[source]

Pipeline#

Pipeline is a meta-estimator capable of transforming an input dataset by applying a series of Transformer middleware. Under the hood, Pipeline will automatically fit the training set and transform any Dataset object supplied as an argument to one of the base estimator's methods before reaching the method context. With elastic mode enabled, Pipeline will update the fitting of Elastic transformers during partial training.

Note: Since transformations are applied to dataset objects in-place (without making a copy of the data), using a dataset in a program after it has been run through Pipeline may have unexpected results.
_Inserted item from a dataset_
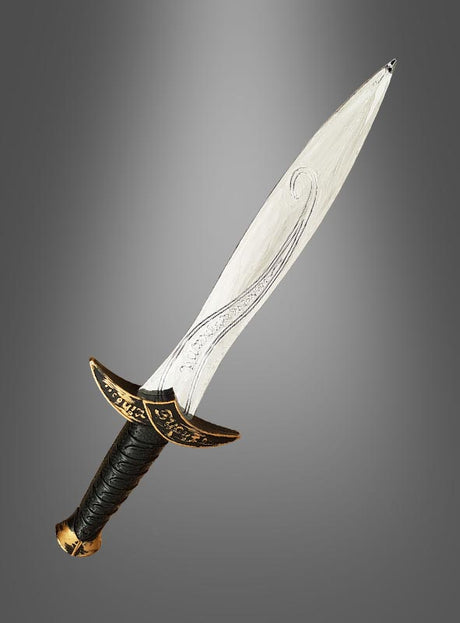 Ein dekorativer Dolch mit dem Namen „Kurzschwert für Elfen und Fantasy-Kostüme“, der sich durch eine silberne Klinge mit eingravierten Mustern, eine goldene Parierstange und einen schwarzen, strukturierten Griff auszeichnet – und an Fantasy-Kurzschwerter erinnert –, wird vor einem grauen Hintergrund mit Farbverlauf präsentiert.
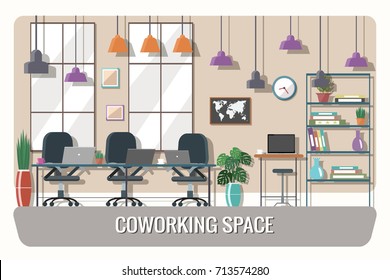 Vector illustration of coworking space. Working place, creative office.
If you need to keep a clean dataset in memory you can clone the dataset object before calling the method on Pipeline that consumes it.
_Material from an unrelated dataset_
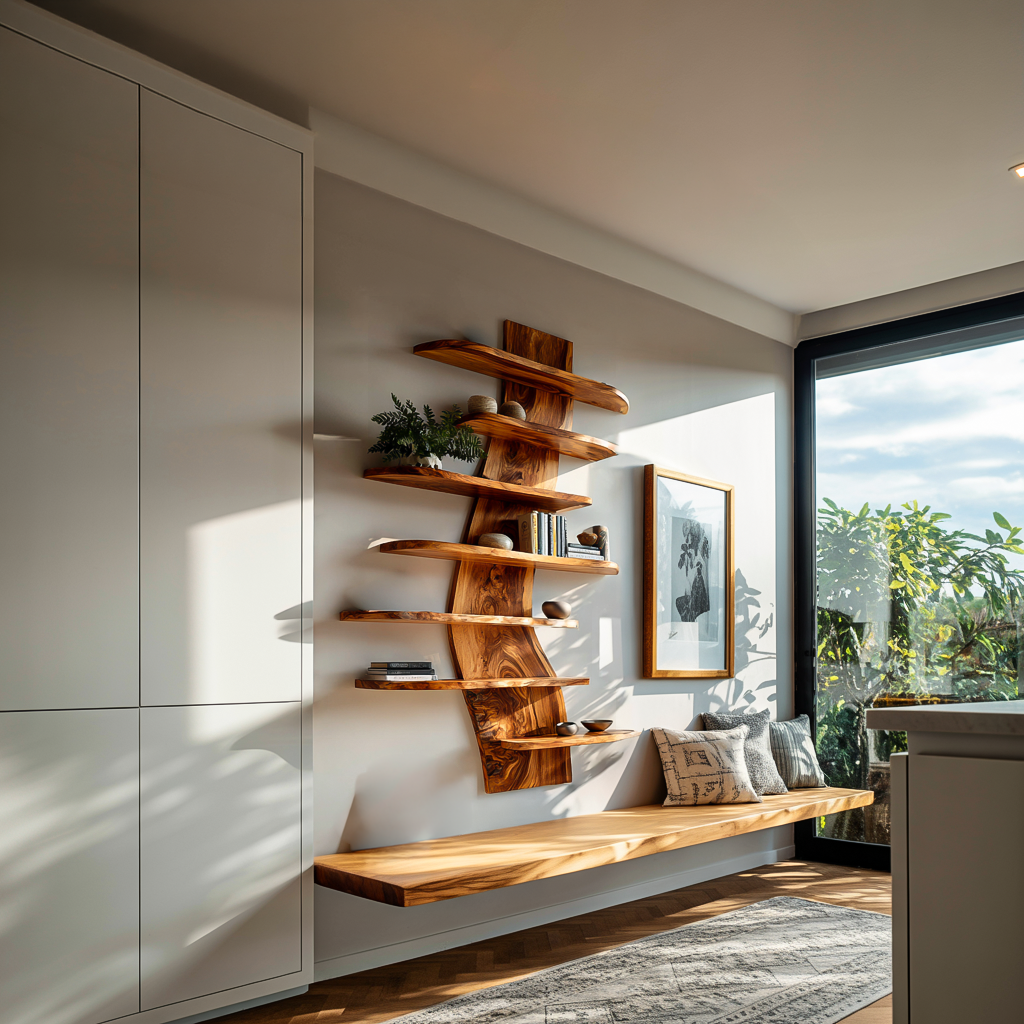Artistic Wood Wall Bookshelf For Modern Interiors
Interfaces: Wrapper, Estimator, Learner, Online, Probabilistic, Ranking, Persistable, Verbose

Data Type Compatibility: Depends on base learner and transformers

Parameters#

# Param Default Type Description
1 transformers array A list of transformers to be applied in order.
2 estimator Estimator An instance of a base estimator to receive the transformed data.
3 elastic true bool Should we update the elastic transformers during partial training?

Additional Methods#

Fit the transformer pipeline to a dataset:

public fit(Dataset $dataset) : void

Update the fittings of elastic transformers:

public update(Dataset $dataset) : void

Apply the transformer stack to a dataset:

public preprocess(Dataset $dataset) : void

Example#

use Rubix\ML\Pipeline;
use Rubix\ML\Transformers\MissingDataImputer;
use Rubix\ML\Transformers\OneHotEncoder;
use Rubix\ML\Transformers\PrincipalComponentAnalysis;
use Rubix\ML\Classifiers\SoftmaxClassifier;

$estimator = new Pipeline([
    new MissingDataImputer(),
    new OneHotEncoder(), 
    new PrincipalComponentAnalysis(20),
], new SoftmaxClassifier());